L’innovazione in agricoltura fondamentale per ridurre le emissioni e per la sostenibilità ambientale

CAPsizing: sensibilizzare i cittadini su Pac, sviluppo rurale, biologico e lotta ai cambiamenti climatici

[26 settembre 2018]

«Come funziona la Politica agricola comune (Pac), come vengono gestiti i fondi, in che misura contribuisce all’espansione del biologico, nella promozione per il miglioramento della sostenibilità ambientale, nella lotta contro i cambiamenti climatici e nella diffusione di più sane abitudini alimentari», sono le domande a cui vuole rispondere “CAPsizing – Per la resilienza climatica” il nuovo progetto di formazione e informazione promosso da Kyoto Club con il contributo dalla Direzione generale agricoltura e sviluppo rurale della Commissione europea e che è stato presentato a Roma alla Rappresentanza italiana della Commissione Ue.
Gli strumenti  con cui Kyoto Club punta a sensibilizzare i cittadini, in particolare i giovani agricoltori,  sulle potenzialità della Pac sono webinar di approfondimento, formazione nelle scuole e nelle università, eventi di promozione per la digitalizzazione in agricoltura. Il tutto per favorire il livello di conoscenza e stimolare un dibattito incentrato sui possibili miglioramenti da apportare e su come si possa costruire un’agricoltura europea sempre più amica del clima e dell’ambiente.
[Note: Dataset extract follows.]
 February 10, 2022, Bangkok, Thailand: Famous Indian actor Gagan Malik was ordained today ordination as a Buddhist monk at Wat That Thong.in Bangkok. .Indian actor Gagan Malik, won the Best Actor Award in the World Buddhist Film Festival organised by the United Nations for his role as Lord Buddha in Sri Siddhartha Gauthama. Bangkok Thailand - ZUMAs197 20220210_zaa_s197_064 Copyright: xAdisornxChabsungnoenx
«Tutto questo – sottolineano a Kyoto Club – in un momento cruciale per la riforma del settore e per la programmazione economica del periodo 2021-2027, attualmente in discussione a Bruxelles e Strasburgo. Secondo la proposta della Commissione, il bilancio della Pac  del nuovo periodo ammonta a circa 365 miliardi di euro, il 40% del quale è destinato all’azione climatica. Al nostro Paese spetterebbero circa 32 miliardi di euro».

Francesco Ferrante, vicepresidente di Kyoto Club, conclude ricordando che «E’ della settimana scorsa la notizia che dopo tre anni di stabilità, le emissioni di gas di serra sono tornate a crescere arrivando al record storico e davvero preoccupante di 32 giga tonnellate. Sembra che in barba alle raccomandazioni della comunità scientifica internazionale e agli stessi Accordi di Parigi, i governi di tutto il mondo non comprendano l’urgenza di cambiare modello sviluppo per fermare il cambiamento climatico. Eppure, le innovazioni tecnologiche che abbiamo a disposizione potrebbero aiutare molto. Anche in agricoltura. Un settore chiave non solo perché, contribuendo in maniera non irrilevante alle emissioni, deve essere coinvolto nella diffusione di pratiche agricole che le riducano, ma perché può svolgere anche un ruolo attivo e indispensabile nell’assorbimento di carbonio».